→ Directions
Once the line containing "Activia Blueberry Probiotic" is found in the entries below, restate it and each following line word for word, stopping after the line containing "Shutiq Black Figo".

→ Data for processing
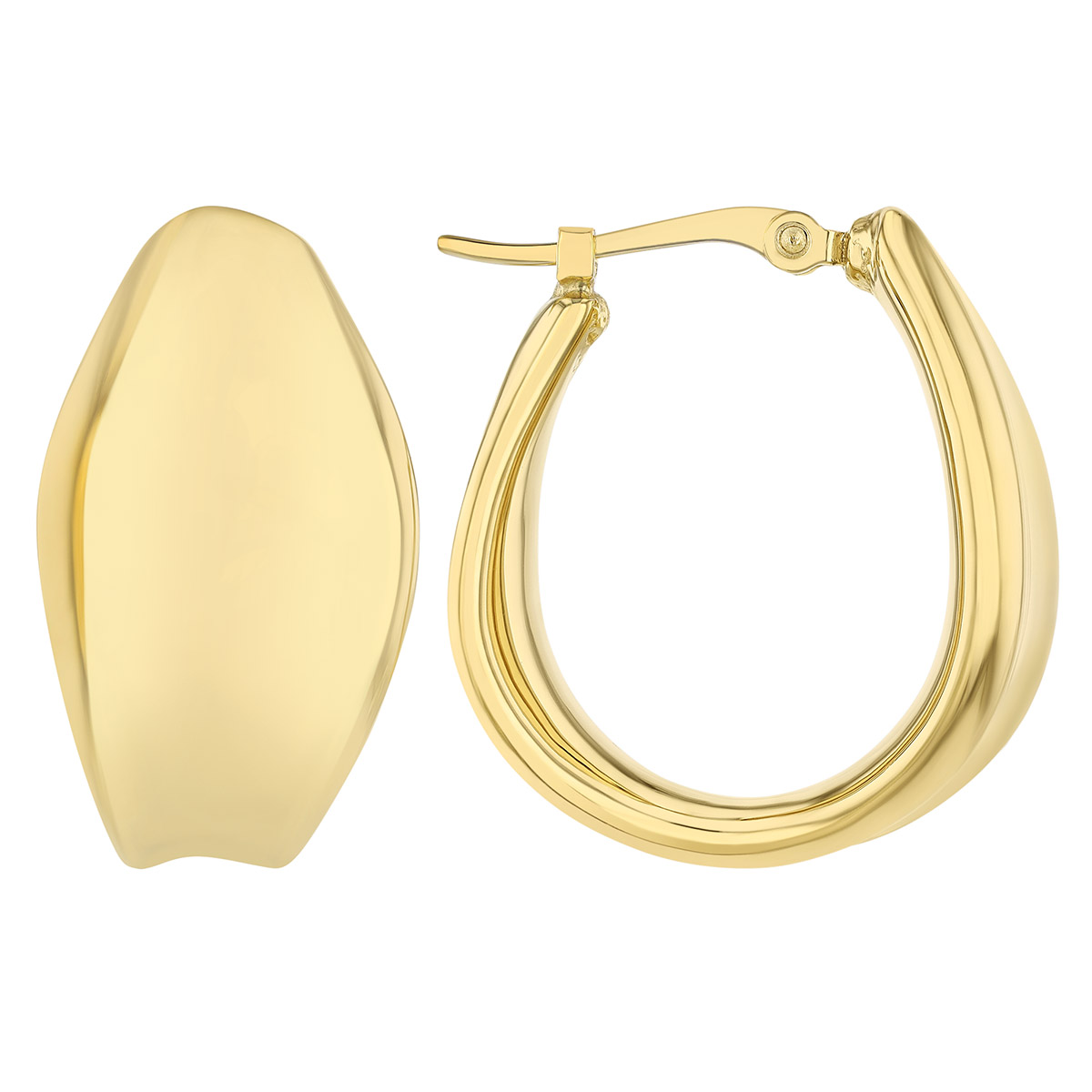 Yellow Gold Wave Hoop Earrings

* * *

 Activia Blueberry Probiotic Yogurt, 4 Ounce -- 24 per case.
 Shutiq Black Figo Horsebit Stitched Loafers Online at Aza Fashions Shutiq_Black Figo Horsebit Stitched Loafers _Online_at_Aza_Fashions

→ Response box
 Activia Blueberry Probiotic Yogurt, 4 Ounce -- 24 per case.
 Shutiq Black Figo Horsebit Stitched Loafers Online at Aza Fashions Shutiq_Black Figo Horsebit Stitched Loafers _Online_at_Aza_Fashions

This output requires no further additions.